Each year millions of students sit in university classrooms, listening to professors explain the inner workings of businesses. Yet as I recently completed 11 flight segments on 5 airlines traveling through 4 countries and 7 airports, I noticed that an airplane is an interesting microcosm for business.

At its most basic level, it’s simple. Everyone gets on an aircraft in one place, and several hours later you arrive at a new one. As comedian Louis C.K. muses, this alone should be miraculous – “You’re sitting in a chair in the sky!”

However, as these three stories indicate, the experience can vary dramatically.

Economy: From Zero to Crazy

Our first story starts in the cheap seats, on an 8-hour trip to Japan. I struck up a conversation with the man next to me, who seemed nice enough. Our flight attendant looked like she was pulled directly from a marketing campaign – young, poised, professional, impeccably dressed, with flawless skin enhanced by cover model makeup.

As she began the safety speech, the man continued talking. Loudly. Yes, we’ve all seen this demo countless times, but something didn’t sit right as the man showed little respect as he chatted with increasing volume.

Six uneventful hours passed. And then the man started yelling. It began with him muttering loudly to himself, then the anger was aimed at the children behind him, and soon it was for the entire plane to hear. Evidently the kids had been kicking his seat, and he’d had it. Just like that, he went from zero to crazy.

Our flight attendant ran up to address the problem, speaking to him politely and quietly. “I can’t even hear you!” the man screamed, as we waited agonizing minutes while she located another seat for him. When the child’s father stepped up to defend his kids, I thought a serious brawl was about to occur mid-flight.

For the rest of the flight, I thought about the incident from a business perspective. At what point does “the customer is always right” end? If this were a flight to New York, and the flight attendant was a 15-year veteran raised in the Bronx, would they have handled it the same way? How would the man have reacted if he was told, “Sir, if you don’t shut your mouth, apologize to the frightened mom, and sit down immediately, I will have you arrested upon landing.”

All businesses deal with difficult customers.

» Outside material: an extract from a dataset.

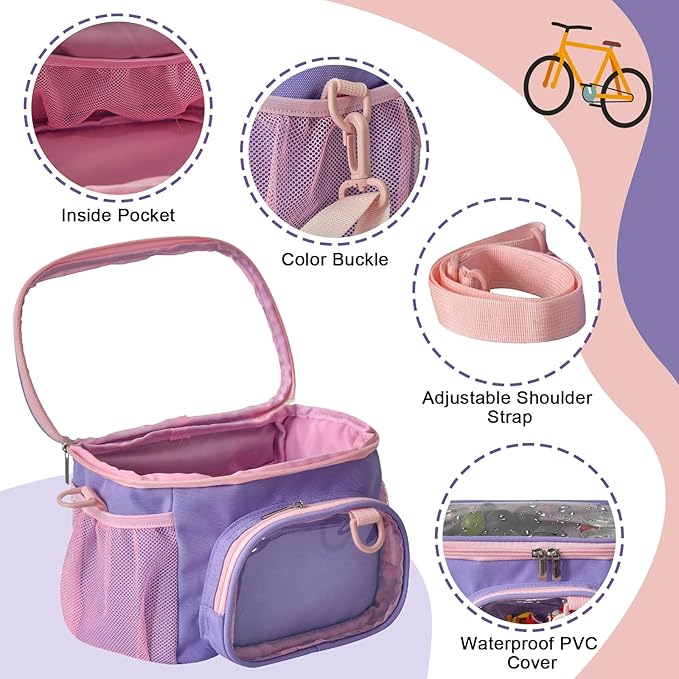 Kids Bike Basket,Durable Front Frame Bicycle & Scooter Basket Bag,Waterproof Fabric Bicycle Handlebar Bag for Boys, Girls, Toddlers with Shoulder Strap (Purple)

Is there a tipping point when a client just isn’t worth it? How can you train employees to deal with a similar situation?

Premium Economy: A tough sell?

As we move up a level, we delve more into the economics of flying. In recent years, airlines have introduced a level of seating between economy and business class, with each airline giving its own name, such as Plus, Comfort, or Select.

For a majority of travelers, the be all and end all factor will always be price. Airlines have taken advantage of this, continually cutting back perks. Reduced legroom? Baggage fees? No meals? People are willing to look past all of this as long as they get where they want at the lowest possible cost.

However, slowly but surely, airlines are trying to find the tipping point that will get people to fork over more money for extra amenities. It almost feels like the evolution of ecommerce, when online retailers discovered the power of the phrase “free shipping” to get customers to buy more.

In Predictably Irrational, author Dan Ariely explained it’s not good enough to offer “cheap shipping” – either use the allure of free shipping and make up the cost somewhere else, or pass on the full shipping charges to the customer.

So what will be the “free shipping” of the airline industry?

Is Economy Plus really worth the price?

3” more legroom? At 5’10” that’s not enough for me to get out my wallet, but maybe someone that is 6’4” might think differently.

Priority boarding? If you’re arriving at the destination at the same time, is it really worth $50 to get on the plane 5 minutes before everyone else?

Upgraded meals and drinks? Go ahead, try and find someone in coach that will tell you that “upgraded airplane food” is worth a major dollar investment.

Enhanced in-flight entertainment? My friend and I boarded our flight with a laptop, iPad, iPhone, magazines, and books. Between us we had enough movies, music, podcasts, and reading material to last us a week – content that we chose for $3 or $4 on iTunes, vs. what was forced on us. In this age of technology, it’s going to be difficult for airlines to stay ahead of the average techie.

But therein lies the opportunity for the “killer feature.”

As people are increasingly attached to their electronic devices, the most appealing upgrade might be WiFi access plus a power adapter.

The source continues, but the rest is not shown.